Those problems include Web sites' reliance on ActiveX, Microsoft's proprietary application programming interface (API) for letting Web sites take advantage of the computer's underlying functionality.

ActiveX has long been considered a security liability and was a key focus of Microsoft's recent Service Pack 2 security upgrade for IE users with Windows XP. Mozilla is part of a coalition including fellow browser makers Apple Computer and Opera Software, along with plug-in application vendors Sun Microsystems, Macromedia and Adobe Systems, to come up with a standard ActiveX equivalent.

The second most common problem for Firefox compatibility is what Hofmann termed "Microsoft's proprietary implementation of the DOM." The DOM, or Document Object Model, is a W3C recommendation for letting scripts interact with discrete elements of a Web page.

One way Mozilla got to 98 percent compatibility from 75 percent was by convincing Web sites to code differently. Another was to emulate IE when faced with nonstandard pages.

That strategy resulted in what Mozilla calls its "quirks mode." When Firefox loads a page and its Gecko engine rendering engine detects nonstandard IE-specific behaviors, the browser switches into that mode and is able to render the page correctly -- albeit at a more sluggish pace.

With the success of Firefox in winning market share, Mozilla is finding Web authors more receptive to its message about standards and compatibility. The group is now fielding between 10 and 15 calls per week from individuals and organizations asking how to make their sites work with Firefox.

Even Microsoft has become more responsive to requests that its Web pages be accessible in Firefox. Hofmann credits the software giant's sunnier attitude in part to the $12m settlement the company paid following Opera's accusations that Microsoft was deliberately breaking its pages when viewed with the Opera browser.
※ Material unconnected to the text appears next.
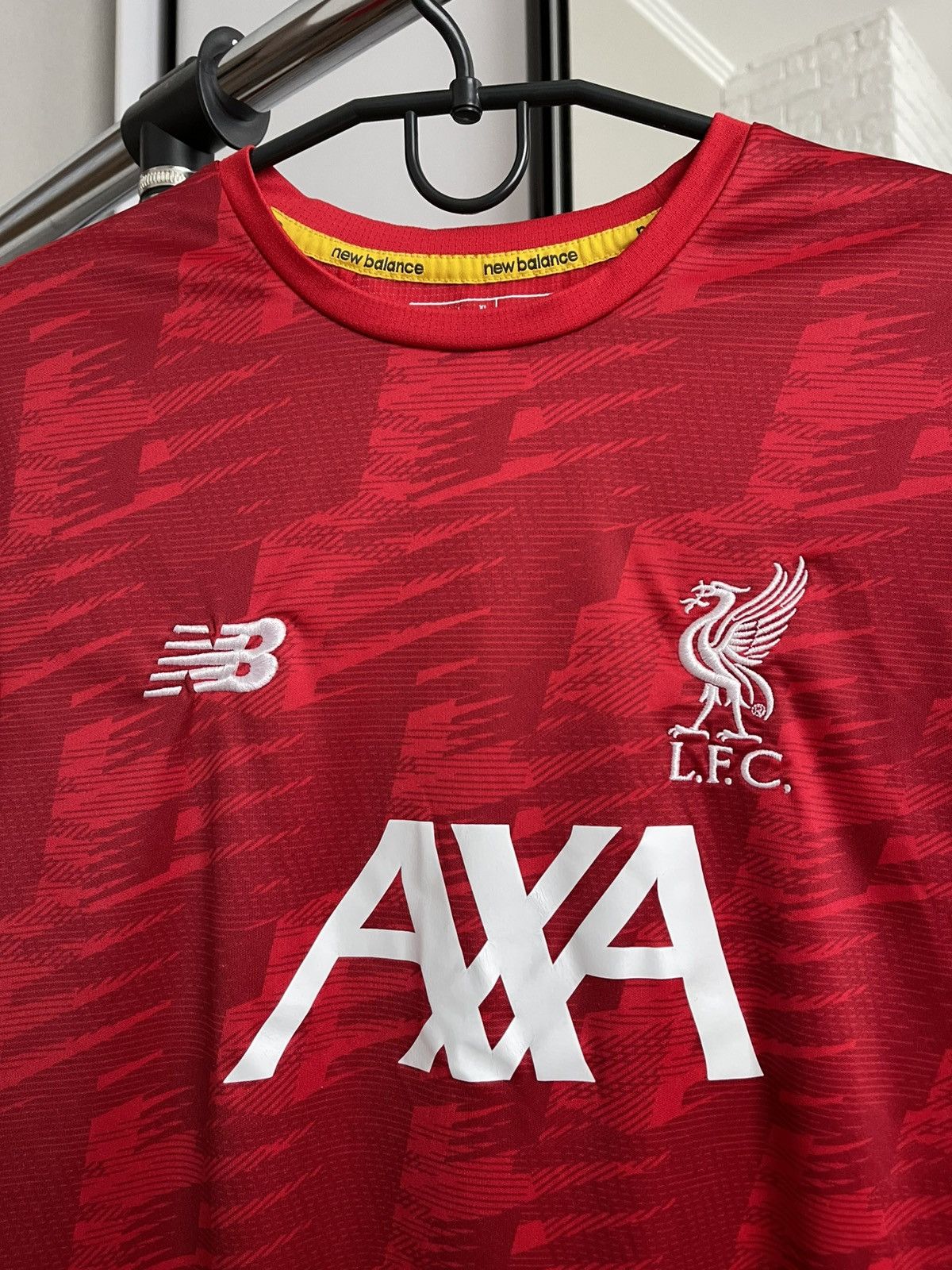 New Balance 2019/2020 Liverpool New Balance Soccer Jersey Shirt Size US L / EU 52-54 / 3 - 6 Thumbnail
Microsoft declined to comment on the matter of its Web pages' compatibility with non-IE browsers or on the issue of browser-site interoperability in general.

But the company noted another area where Mozilla will face significant challenges gaining market share: enterprise desktops.

Like post-11 September presidential candidates, both sides claim to have the best security story to tell.

"Over the last year, we have started to see interest on the part of corporate IT managers worried about security problems in IE who are starting to think about strategies for backup when serious vulnerabilities arise in IE and Microsoft doesn't have a patch," Hofmann said. "We have talked to them, listened to their concerns and are assisting them with deployment plans for rolling out Firefox."

Mozilla's pitch will likely focus on lesser-known enterprise capabilities of Firefox, such as its ability to update browser preferences from a central server.

In the coming year, Mozilla expects to continue to evangelise Firefox to corporations -- something old Netscape hands at the foundation know a thing or two about.

"We see lots of interest," Hofmann said. "The companies we're talking to are across all industries. Entering the enterprise market is a long and hard route, and several of us have experience in it from our days at Netscape and know what it takes to succeed. We're in this for the long haul."